What you need to do> Only the lines from the one containing "Welcome to this" through the end of the listing belong in the answer, repeated exactly, with no pictures.

━━━ Information shown

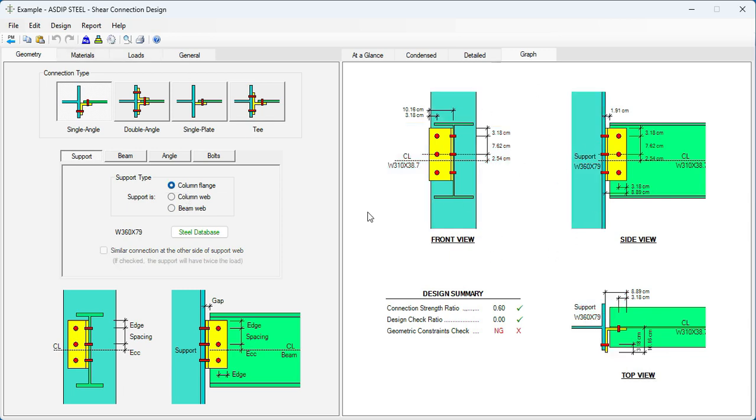As you can see, it's very easy to design steel members complying with the CSA S16-19 Canadian code. You just need to change the code in the design criteria and then the calculations will change accordingly.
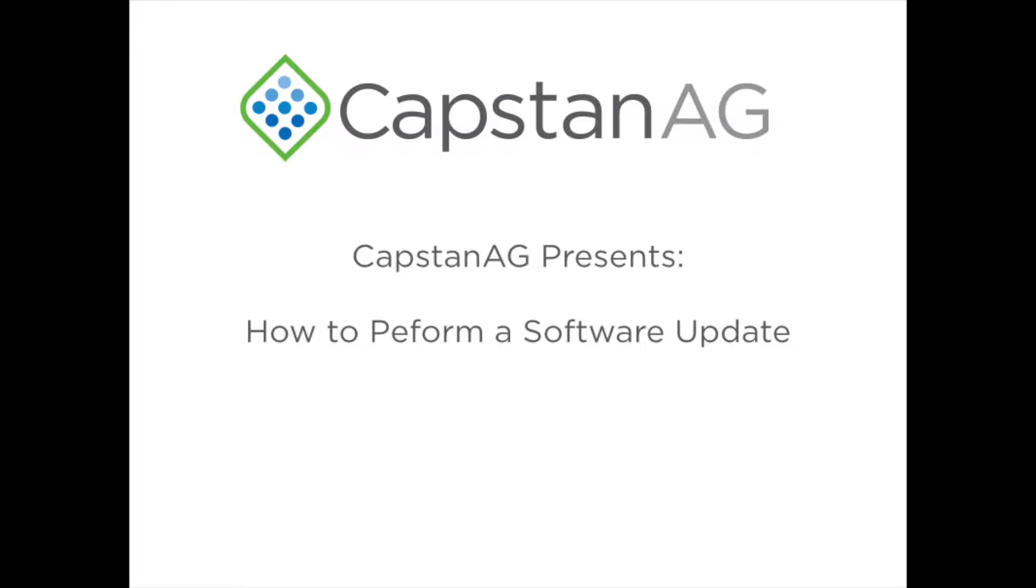Welcome to this installment of Capstan AG's video series. I'm Sam Marks, and today we will be showing you how to perform a software update on your Pinpoint2 system.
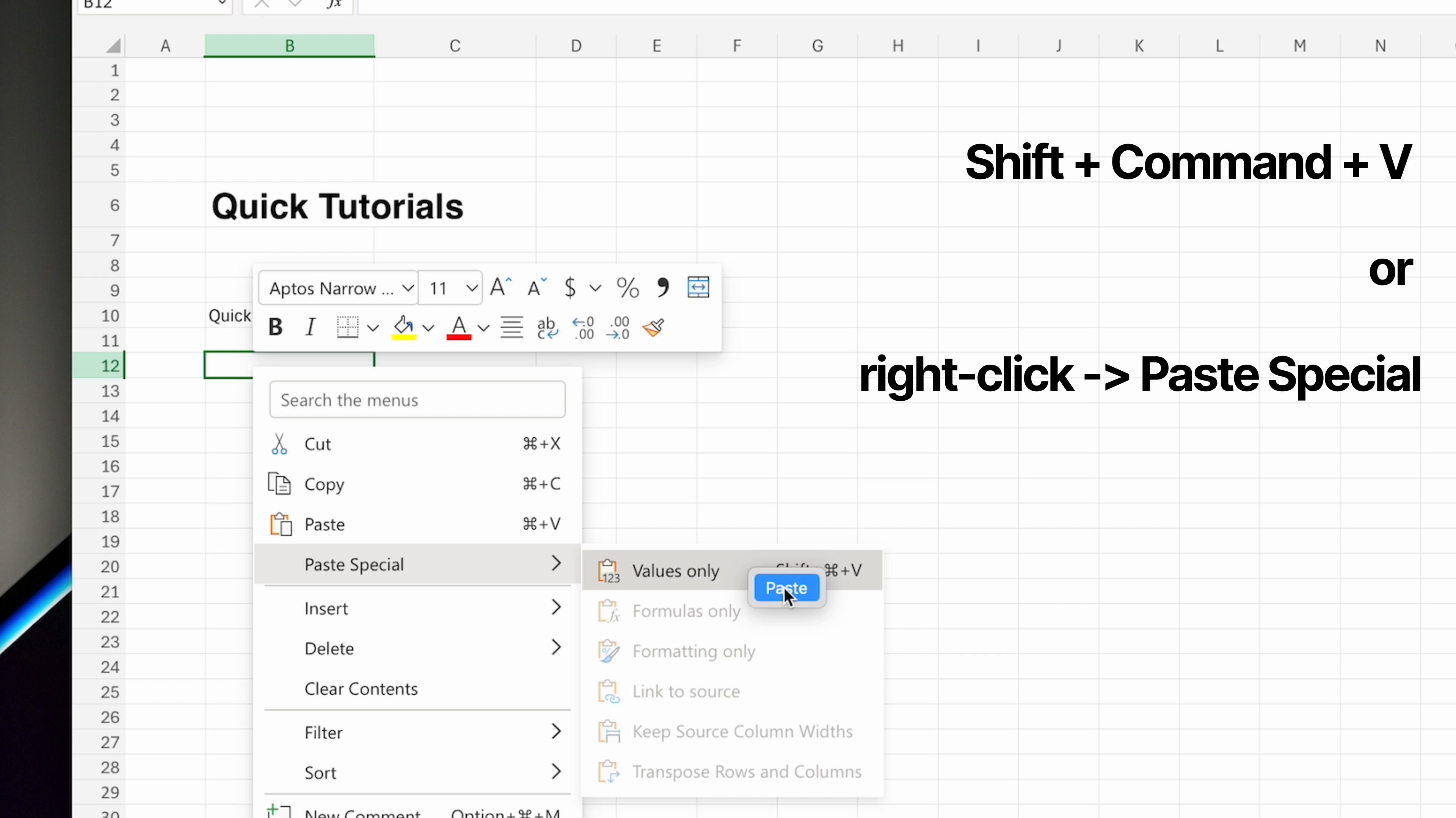If you're using the desktop version of Excel, you'll need to hit Control, Command, and V. Then choose Text, and Excel will paste text only without bringing over any formatting.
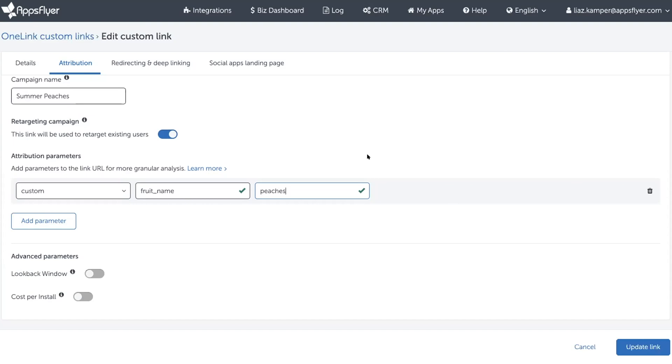Now, they did it this way for a reason. They didn't just want this link to only work for Peaches. Mark has a lot of plans for every season of the year and would like to run campaigns for many different kinds of fruit.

━━━━━━

Result of this task>
Welcome to this installment of Capstan AG's video series. I'm Sam Marks, and today we will be showing you how to perform a software update on your Pinpoint2 system.
If you're using the desktop version of Excel, you'll need to hit Control, Command, and V. Then choose Text, and Excel will paste text only without bringing over any formatting.
Now, they did it this way for a reason. They didn't just want this link to only work for Peaches. Mark has a lot of plans for every season of the year and would like to run campaigns for many different kinds of fruit.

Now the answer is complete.